Required work ▸ Look through the data for the string "Coffee". Copy every line where it is found.

** Opening Dataset records block **

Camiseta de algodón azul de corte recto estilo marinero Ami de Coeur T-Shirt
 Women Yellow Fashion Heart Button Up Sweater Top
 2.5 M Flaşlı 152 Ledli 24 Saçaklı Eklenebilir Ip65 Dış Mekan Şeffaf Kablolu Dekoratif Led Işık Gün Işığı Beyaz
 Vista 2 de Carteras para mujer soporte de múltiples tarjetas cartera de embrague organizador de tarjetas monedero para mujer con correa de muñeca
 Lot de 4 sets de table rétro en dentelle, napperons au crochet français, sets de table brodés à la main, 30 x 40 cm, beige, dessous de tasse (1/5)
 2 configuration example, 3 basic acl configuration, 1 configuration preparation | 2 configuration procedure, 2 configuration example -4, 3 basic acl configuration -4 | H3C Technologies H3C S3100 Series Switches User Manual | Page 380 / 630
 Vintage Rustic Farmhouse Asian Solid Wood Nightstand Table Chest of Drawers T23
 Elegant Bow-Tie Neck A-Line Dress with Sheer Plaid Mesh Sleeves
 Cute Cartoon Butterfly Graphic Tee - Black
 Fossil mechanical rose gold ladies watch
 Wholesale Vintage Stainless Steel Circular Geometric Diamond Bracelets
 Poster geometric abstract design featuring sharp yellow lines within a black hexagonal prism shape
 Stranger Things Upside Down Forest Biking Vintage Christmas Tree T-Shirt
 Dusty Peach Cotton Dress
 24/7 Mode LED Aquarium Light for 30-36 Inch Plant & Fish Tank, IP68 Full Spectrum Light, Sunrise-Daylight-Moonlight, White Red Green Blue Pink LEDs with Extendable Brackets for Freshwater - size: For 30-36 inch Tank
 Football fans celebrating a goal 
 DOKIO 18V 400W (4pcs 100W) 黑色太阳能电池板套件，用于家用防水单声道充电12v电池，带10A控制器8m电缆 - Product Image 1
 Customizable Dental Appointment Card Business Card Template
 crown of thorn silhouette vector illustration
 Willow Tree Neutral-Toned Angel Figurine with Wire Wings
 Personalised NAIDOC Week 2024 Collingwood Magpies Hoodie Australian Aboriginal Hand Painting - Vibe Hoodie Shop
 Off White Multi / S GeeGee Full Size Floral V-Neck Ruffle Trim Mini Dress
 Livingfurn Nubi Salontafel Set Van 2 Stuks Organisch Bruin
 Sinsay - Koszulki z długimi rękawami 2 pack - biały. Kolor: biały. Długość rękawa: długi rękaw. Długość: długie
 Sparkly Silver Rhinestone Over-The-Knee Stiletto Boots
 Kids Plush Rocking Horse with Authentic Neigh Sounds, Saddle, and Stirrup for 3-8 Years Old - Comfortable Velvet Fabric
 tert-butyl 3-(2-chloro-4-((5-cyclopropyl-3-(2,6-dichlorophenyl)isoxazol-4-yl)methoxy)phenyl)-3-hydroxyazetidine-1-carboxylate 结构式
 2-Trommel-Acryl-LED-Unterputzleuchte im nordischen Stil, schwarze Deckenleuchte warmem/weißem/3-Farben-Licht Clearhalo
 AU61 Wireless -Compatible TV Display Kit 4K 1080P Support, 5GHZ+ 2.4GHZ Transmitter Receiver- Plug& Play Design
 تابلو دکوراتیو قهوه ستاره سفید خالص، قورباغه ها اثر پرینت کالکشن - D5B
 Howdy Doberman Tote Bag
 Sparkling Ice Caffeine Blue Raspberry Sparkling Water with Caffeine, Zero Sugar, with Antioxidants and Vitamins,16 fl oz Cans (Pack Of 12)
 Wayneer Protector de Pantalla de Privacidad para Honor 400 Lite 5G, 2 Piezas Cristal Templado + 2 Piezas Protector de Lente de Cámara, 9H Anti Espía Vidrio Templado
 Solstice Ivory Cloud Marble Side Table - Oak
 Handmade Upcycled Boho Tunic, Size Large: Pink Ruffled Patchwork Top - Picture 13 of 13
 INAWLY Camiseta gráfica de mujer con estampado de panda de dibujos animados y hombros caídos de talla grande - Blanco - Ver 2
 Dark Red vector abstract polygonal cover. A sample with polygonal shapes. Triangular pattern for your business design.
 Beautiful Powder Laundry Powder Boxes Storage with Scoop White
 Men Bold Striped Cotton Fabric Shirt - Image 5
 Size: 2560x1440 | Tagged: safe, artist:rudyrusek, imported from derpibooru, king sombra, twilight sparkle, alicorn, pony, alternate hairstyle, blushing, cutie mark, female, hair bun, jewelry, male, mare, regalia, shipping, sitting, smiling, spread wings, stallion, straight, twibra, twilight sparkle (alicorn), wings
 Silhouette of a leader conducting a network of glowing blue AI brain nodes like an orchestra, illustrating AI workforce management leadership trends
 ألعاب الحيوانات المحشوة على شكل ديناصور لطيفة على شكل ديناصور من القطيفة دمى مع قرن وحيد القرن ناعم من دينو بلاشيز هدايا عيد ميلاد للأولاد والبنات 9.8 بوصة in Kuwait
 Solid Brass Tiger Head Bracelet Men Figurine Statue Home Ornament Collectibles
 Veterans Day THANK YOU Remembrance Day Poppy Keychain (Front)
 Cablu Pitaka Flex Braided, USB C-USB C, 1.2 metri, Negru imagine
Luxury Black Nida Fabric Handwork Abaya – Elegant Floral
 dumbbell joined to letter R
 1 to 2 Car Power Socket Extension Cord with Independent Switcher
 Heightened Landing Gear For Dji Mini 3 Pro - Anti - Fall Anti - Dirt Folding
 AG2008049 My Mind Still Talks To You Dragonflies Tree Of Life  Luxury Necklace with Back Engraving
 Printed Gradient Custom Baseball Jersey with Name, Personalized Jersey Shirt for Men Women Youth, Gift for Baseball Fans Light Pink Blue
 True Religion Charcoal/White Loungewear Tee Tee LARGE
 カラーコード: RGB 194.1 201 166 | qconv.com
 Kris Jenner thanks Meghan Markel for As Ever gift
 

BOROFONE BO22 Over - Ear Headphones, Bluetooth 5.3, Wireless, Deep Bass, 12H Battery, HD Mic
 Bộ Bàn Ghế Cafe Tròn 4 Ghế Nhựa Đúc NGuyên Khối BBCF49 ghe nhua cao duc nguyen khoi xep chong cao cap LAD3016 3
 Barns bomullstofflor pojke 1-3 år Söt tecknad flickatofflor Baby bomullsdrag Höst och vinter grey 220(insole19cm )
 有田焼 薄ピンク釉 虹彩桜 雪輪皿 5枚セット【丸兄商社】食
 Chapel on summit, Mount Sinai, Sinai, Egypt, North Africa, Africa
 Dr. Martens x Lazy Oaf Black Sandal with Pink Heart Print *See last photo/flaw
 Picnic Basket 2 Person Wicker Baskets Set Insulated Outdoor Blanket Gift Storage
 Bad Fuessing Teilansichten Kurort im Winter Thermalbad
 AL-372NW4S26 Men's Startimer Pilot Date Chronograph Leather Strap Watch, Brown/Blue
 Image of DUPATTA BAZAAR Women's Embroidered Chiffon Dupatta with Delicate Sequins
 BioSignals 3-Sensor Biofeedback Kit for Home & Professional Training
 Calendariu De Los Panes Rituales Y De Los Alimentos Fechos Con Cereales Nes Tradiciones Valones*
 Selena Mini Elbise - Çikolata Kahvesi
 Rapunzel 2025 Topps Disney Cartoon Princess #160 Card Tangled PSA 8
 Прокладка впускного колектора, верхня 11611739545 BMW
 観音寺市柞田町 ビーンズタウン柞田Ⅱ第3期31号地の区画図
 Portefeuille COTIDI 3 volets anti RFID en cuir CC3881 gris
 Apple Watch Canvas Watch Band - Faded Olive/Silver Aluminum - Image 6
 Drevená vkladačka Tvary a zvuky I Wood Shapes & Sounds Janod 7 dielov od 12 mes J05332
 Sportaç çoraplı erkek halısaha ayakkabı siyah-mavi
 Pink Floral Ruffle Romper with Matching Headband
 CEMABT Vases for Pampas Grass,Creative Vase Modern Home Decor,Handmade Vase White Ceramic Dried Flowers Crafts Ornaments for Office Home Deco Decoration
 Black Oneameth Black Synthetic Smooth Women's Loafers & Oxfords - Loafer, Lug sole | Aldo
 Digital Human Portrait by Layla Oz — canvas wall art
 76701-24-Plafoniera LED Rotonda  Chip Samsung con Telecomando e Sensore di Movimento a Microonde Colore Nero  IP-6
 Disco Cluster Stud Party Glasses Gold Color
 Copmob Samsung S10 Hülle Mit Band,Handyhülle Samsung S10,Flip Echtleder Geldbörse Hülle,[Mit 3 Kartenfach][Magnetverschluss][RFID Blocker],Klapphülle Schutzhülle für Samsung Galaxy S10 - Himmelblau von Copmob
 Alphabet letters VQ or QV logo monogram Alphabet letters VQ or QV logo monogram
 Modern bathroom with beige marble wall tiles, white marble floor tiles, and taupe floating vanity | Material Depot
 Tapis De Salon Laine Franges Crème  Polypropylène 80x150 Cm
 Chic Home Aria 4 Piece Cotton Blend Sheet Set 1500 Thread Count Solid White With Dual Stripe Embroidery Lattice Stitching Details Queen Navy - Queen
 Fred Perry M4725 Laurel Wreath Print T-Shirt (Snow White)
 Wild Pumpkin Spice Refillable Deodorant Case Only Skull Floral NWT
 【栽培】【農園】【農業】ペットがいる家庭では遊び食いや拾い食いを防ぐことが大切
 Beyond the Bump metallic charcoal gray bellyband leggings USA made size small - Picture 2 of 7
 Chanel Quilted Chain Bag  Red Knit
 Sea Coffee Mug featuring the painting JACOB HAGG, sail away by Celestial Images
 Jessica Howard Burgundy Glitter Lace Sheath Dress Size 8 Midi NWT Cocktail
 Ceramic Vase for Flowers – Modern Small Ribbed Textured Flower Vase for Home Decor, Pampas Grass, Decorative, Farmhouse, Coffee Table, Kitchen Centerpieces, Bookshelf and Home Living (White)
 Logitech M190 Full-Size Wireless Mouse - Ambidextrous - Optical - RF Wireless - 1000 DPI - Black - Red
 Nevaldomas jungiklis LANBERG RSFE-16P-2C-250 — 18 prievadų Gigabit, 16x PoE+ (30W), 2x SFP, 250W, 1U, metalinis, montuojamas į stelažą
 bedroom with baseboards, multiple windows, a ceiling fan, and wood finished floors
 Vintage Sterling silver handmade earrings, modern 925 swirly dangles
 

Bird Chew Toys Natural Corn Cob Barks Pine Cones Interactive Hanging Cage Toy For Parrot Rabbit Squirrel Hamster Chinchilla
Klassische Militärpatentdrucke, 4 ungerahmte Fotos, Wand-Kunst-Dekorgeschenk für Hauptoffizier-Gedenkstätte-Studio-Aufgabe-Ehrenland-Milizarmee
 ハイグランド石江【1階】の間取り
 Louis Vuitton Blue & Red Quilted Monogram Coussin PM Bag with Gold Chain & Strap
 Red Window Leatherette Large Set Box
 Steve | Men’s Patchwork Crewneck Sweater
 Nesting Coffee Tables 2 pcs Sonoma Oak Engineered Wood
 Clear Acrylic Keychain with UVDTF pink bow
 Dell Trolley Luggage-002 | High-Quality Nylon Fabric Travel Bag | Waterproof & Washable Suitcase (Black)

** Closing Dataset records block **

Exercise answer ▸
 Sea Coffee Mug featuring the painting JACOB HAGG, sail away by Celestial Images
 Ceramic Vase for Flowers – Modern Small Ribbed Textured Flower Vase for Home Decor, Pampas Grass, Decorative, Farmhouse, Coffee Table, Kitchen Centerpieces, Bookshelf and Home Living (White)
 Nesting Coffee Tables 2 pcs Sonoma Oak Engineered Wood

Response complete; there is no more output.